Sabtu, 06 November 2010
Sabtu, 02 Oktober 2010
Band Metal
Rabu, 11 Agustus 2010
Badan Penyelidik Usaha Persiapan Kemerdekaan Indonesia
Badan Penyelidik Usaha Persiapan Kemerdekaan Indonesia atau (Jepang: Dokuritsu Junbi Cosakai atau dilafalkan Dokuritsu Zyunbi Tyoosakai) adalah sebuah badan yang dibentuk oleh pemerintah pendudukan balatentara Jepang pada tanggal 29 April 1945 bertepatan dengan hari ulang tahun Kaisar Hirohito. Badan ini dibentuk sebagai upaya mendapatkan dukungan bangsa Indonesia dengan menjanjikan bahwa Jepang akan membantu proses kemerdekaan Indonesia. BPUPKI beranggotakan 63 orang yang diketuai oleh Radjiman Wedyodiningrat dengan wakil ketua Hibangase Yosio (orang Jepang) dan R.P. Soeroso.
Di luar anggota BPUPKI, dibentuk sebuah Badan Tata Usaha (semacam sekretariat) yang beranggotakan 60 orang. Badan Tata Usaha ini dipimpin oleh R.P.Soeroso, dengan wakil Abdoel Gafar Pringgodigdo dan Masuda (orang Jepang).

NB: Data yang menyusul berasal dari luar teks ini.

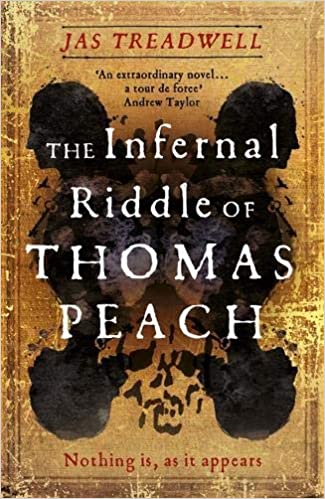 The Infernal Riddle of Thomas Peach (Hardcover)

Pada tanggal 7 Agustus 1945, Jepang membubarkan BPUPKI dan membentuk Panitia Persiapan Kemerdekaan Indonesia atau (Jepang: Dokuritsu Junbi Inkai) dengan anggota berjumlah 21 orang sebagai upaya pencerminan perwakilan etnis terdiri berasal dari 12 orang dari Jawa, 3 orang dari Sumatra, 2 orang dari Sulawesi, 1 orang dari Kalimantan, 1 orang dari Nusa Tenggara, 1 orang dari maluku, 1 orang dari Tionghoa.
Rapat Pertama
Rapat pertama diadakan di gedung Chuo Sangi In di Jalan Pejambon 6 Jakarta yang kini dikenal dengan sebutan Gedung Pancasila. Pada zaman Belanda, gedung tersebut merupakan gedung Volksraad, lembaga DPR pada jaman k0l0nial Belanda.

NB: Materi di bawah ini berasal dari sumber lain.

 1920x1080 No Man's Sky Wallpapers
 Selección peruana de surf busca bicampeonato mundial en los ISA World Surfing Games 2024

Rapat dibuka pada tanggal 28 Mei 1945 dan pembahasan dimulai keesokan harinya 29 Mei 1945 dengan tema dasar negara. Pada rapat pertama ini terdapat 3 orang yang mengajukan pendapatnya tentang dasar negara.
Pada tanggal 29 Mei 1945, Mr. Muhammad Yamin dalam pidato singkatnya mengemukakan lima asas yaitu:
- peri kebangsaan
- peri ke Tuhanan
- kesejahteraan rakyat
- peri kemanusiaan
- peri kerakyatan
Pada tanggal 31 Mei 1945, Prof. Dr. Mr. Soepomo mengusulkan lima asas yaitu
- persatuan
- mufakat dan demokrasi
- keadilan sosial
- kekeluargaan
- musyawarah
Pada tanggal 1 June 1945, Soekarno mengusulkan lima asas pula yang disebut Pancasila yaitu:
a. kebangsaan Indonesia
b. internasionalisme dan peri kemanusiaan
c. mufakat atau demokrasi
d. kesejahteraan sosial
e. Ketuhanan yang Maha Esa
Kelima asas dari Soekarno disebut Pancasila yang menurut beliau bilamana diperlukan dapat diperas menjadi Trisila atau Tiga Sila yaitu:
a. Sosionasionalisme
b. Sosiodemokrasi
c. Ketuhanan yang berkebudayaan
Bahkan masih menurut Soekarno, Trisila tersebut di atas bila diperas kembali disebutnya sebagai Ekasila yaitu merupakan sila gotong royong merupakan upaya Soekarno dalam menjelaskan bahwa konsep tersebut adalah dalam satu-kesatuan. Selanjutnya lima asas tersebut kini dikenal dengan istilah Pancasila, namun konsep bersikaf kesatuan tersebut pada akhirnya disetujui dengan urutan serta redaksi yang sedikit berbeda.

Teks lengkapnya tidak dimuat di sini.